Breeder. Fairly common in spring, summer, and fall in Gulf Coast region, but rare in winter. Uncommon in spring, summer, and fall in other regions, but occasional in winter. Low Conservation Concern.
The yellow-crowned night heron (Nycticorax violaceus) averages about 25 ounces in weight and is about 22-28 inches long. Their wingspan is a little less than four feet. It has long yellow to orange legs and a gray body. They have a black head, black bill, red eyes, white cheek patch, and a yellowish-white crown. Males and females look alike. Their call sounds like a loud squawk.
Wintering areas include the Gulf and Atlantic Coasts. They breed from New England south to Florida and west to Texas.
Preferred habitats are wooded wetlands, fresh and saltwater marshes, and shrub thickets.

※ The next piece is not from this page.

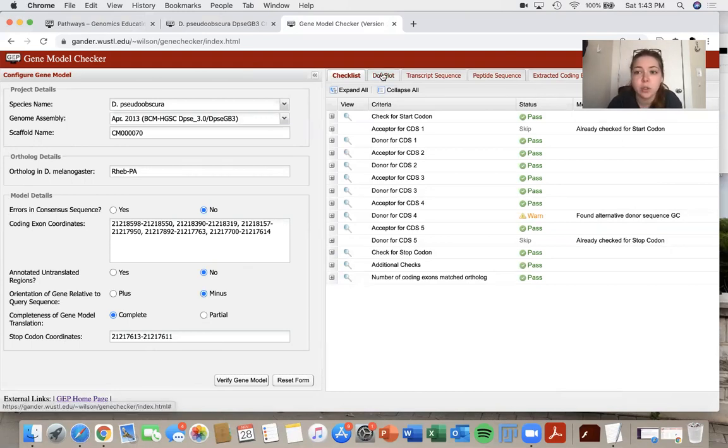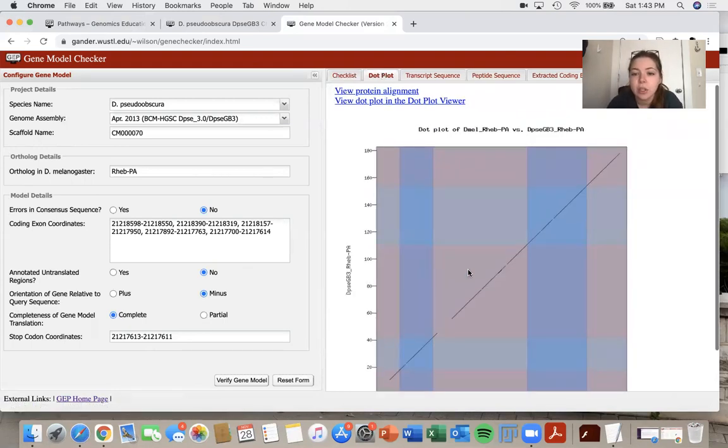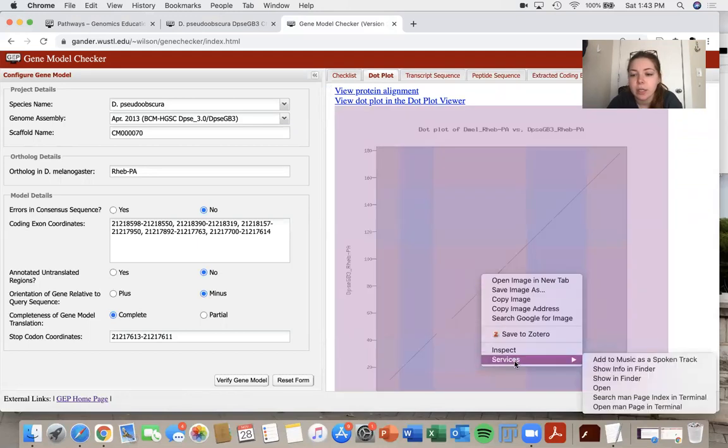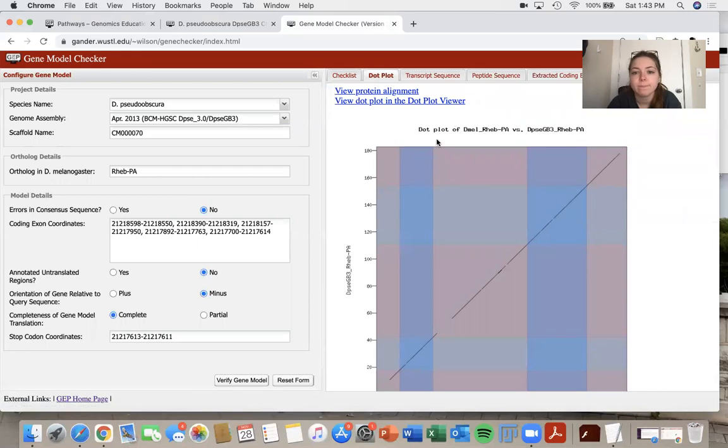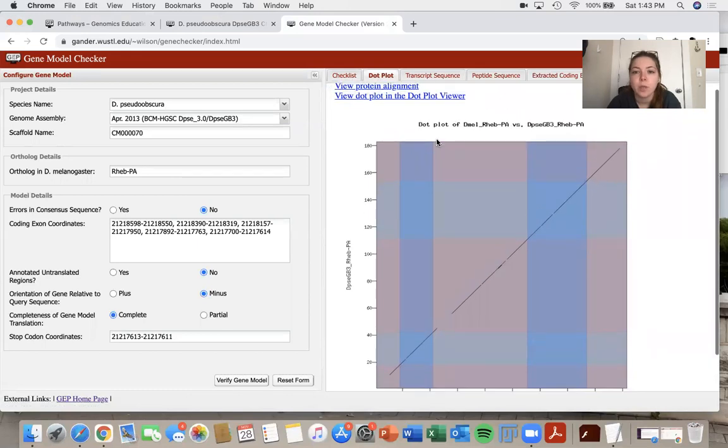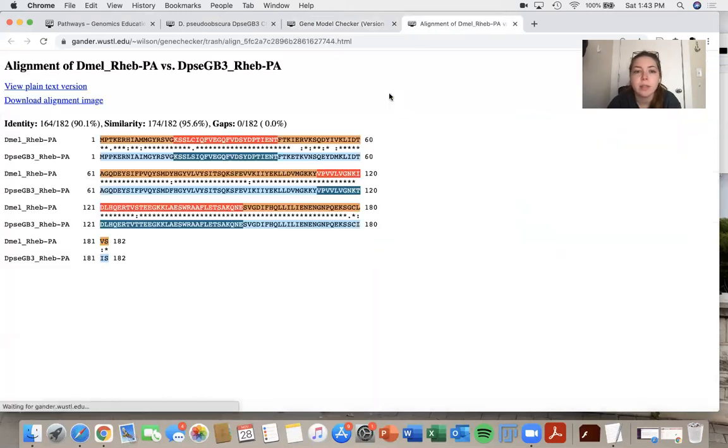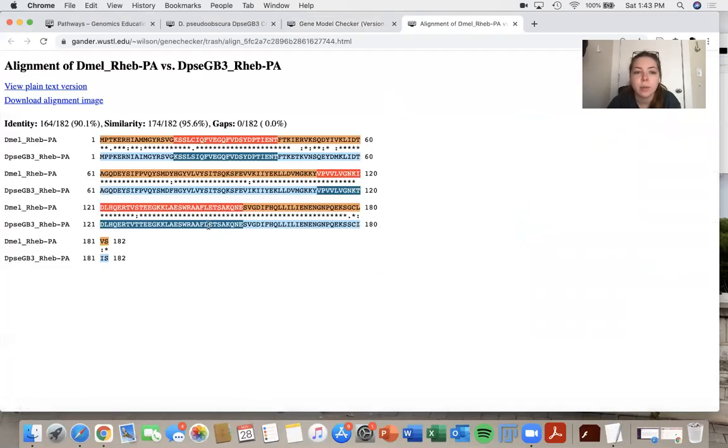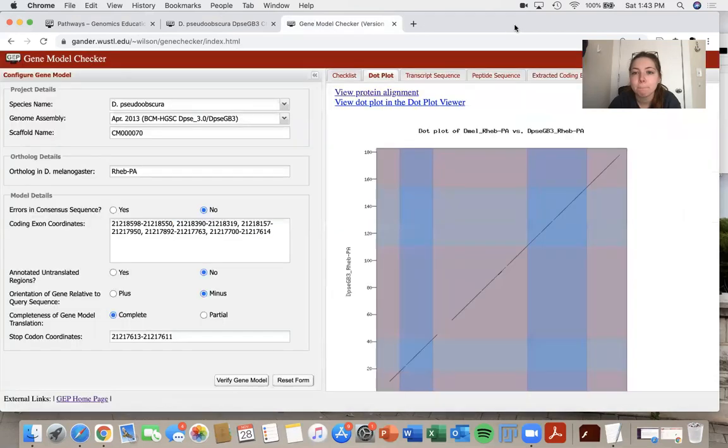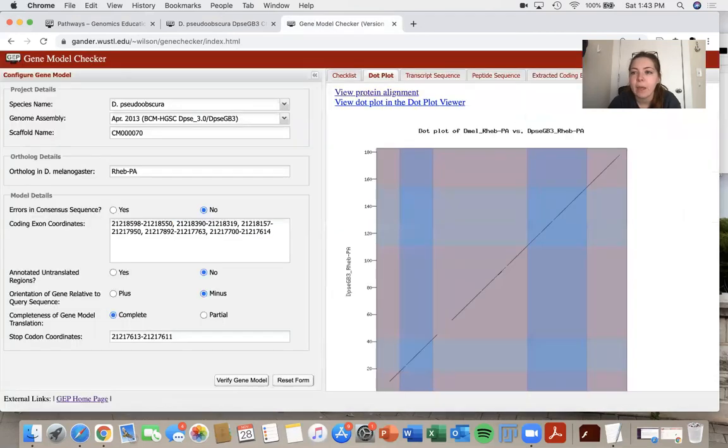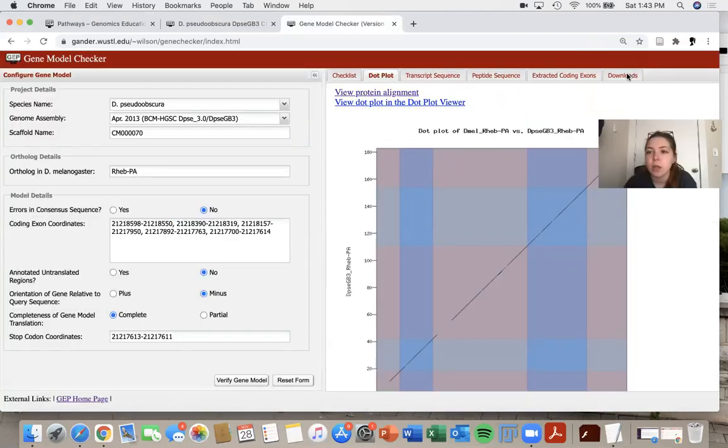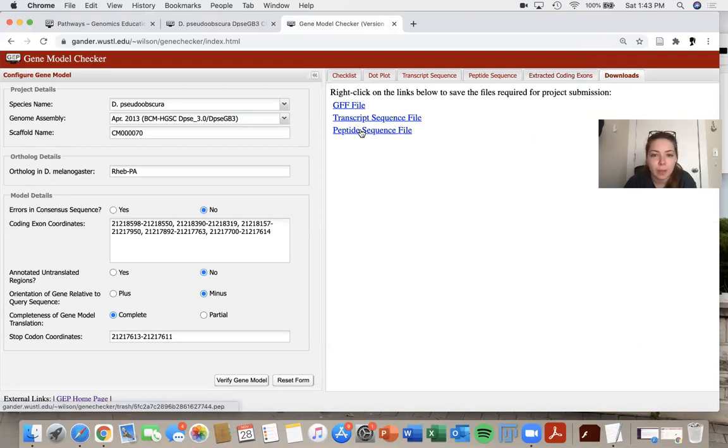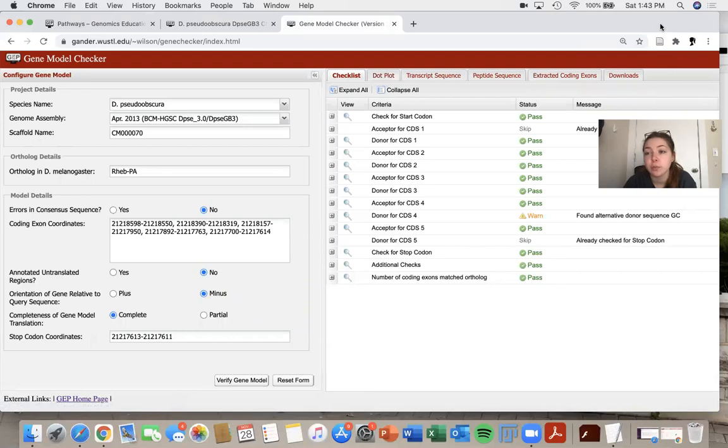Then we also want to get the dot plot and you can just right click and save your image. And then we also would like to get the protein alignment. So you can come here and get your protein alignment again, right click, save your image. And then the last things that we want are, we want to download the GFF file, the transcript sequence file and the peptide file. And then those will also be included in your report.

The yellow-crowned night heron’s diet consists mainly of crabs and crayfish. They will also eat fish, eels, mussels, frogs, tadpoles, insects, snails, and small snakes. They forage primarily during dawn and dusk using the still-hunting method, but they will also stir up prey with their legs and stab food items with their bill.
LIFE HISTORY AND ECOLOGY:
Breeding occurs from February to June. Their breeding ritual consists of territorial displays and a greeting ceremony. Females lay from three to five pale blue-green eggs on a nest of sticks in trees or on the ground. Males and females share in the incubation process that lasts about three weeks. Nestlings are taken care of by both parents. They are solitary birds, but are sometimes found nesting with other heron species in colonies.
Bent, A. C. 1921. Life Histories of North American Marsh Birds. U.S.Natl.Mus.No.135 PP.213-210.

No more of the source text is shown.